Agnes of Bohemia (, )  (1305–1337) was the only child of King Wenceslaus II of Bohemia by his second wife, Elisabeth Richeza of Poland. She was a member of the Přemyslid dynasty.

Family 
Her father's previous marriage to Judith of Habsburg had produced four surviving children, Wenceslaus III of Bohemia, Anna of Bohemia, Elisabeth of Bohemia and Margaret of Bohemia. Wenceslaus II died in 1305 and his heir Wenceslaus III was assassinated one year later, in Olomouc, on his way to Poland.

Agnes' mother, Elisabeth, subsequently married Rudolph III, son of Albert of Habsburg (King of the Romans) on 16 October 1306. Rudolph was chosen to be King of Bohemia by part of Czech nobility and Elisabeth remained queen for a short time.
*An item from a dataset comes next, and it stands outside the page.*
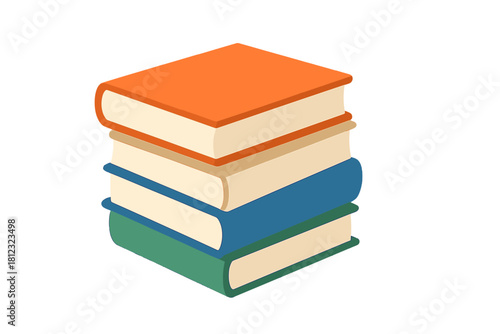 Stack of colorful hardcover books piled up for education, reading, and knowledge acquisition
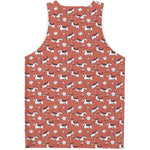 Orange Doodle Bull Terrier Pattern Print Men's Tank Top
Rudolph died 4 July 1307 of dysentery after becoming ill during the siege of the fortress of one of the revolting noblemen, Bavor III of Strakonice. In his last will, Rudolph acknowledged Elizabeth's dowry towns and entailed her a huge amount of money.

Marriage 
Elisabeth arranged for Agnes to marry Henry I of Jawor. The wedding took place in 1316, however, because the two were related in the fourth degree of kinship, a papal dispensation was required. It was granted in 1325. Agnes' brother-in-law, King John of Bohemia opposed the marriage, which would make Henry a powerful rival, along with Bolesław III the Generous, the husband of Margaret of Bohemia, a half-sister of Agnes. 

Shortly after the wedding and, with the consent of Elisabeth, Henry I went with his troops to her dowry town  , Hradec Králové in North Bohemia, where he organized expeditions to support rebels against King John of Bohemia.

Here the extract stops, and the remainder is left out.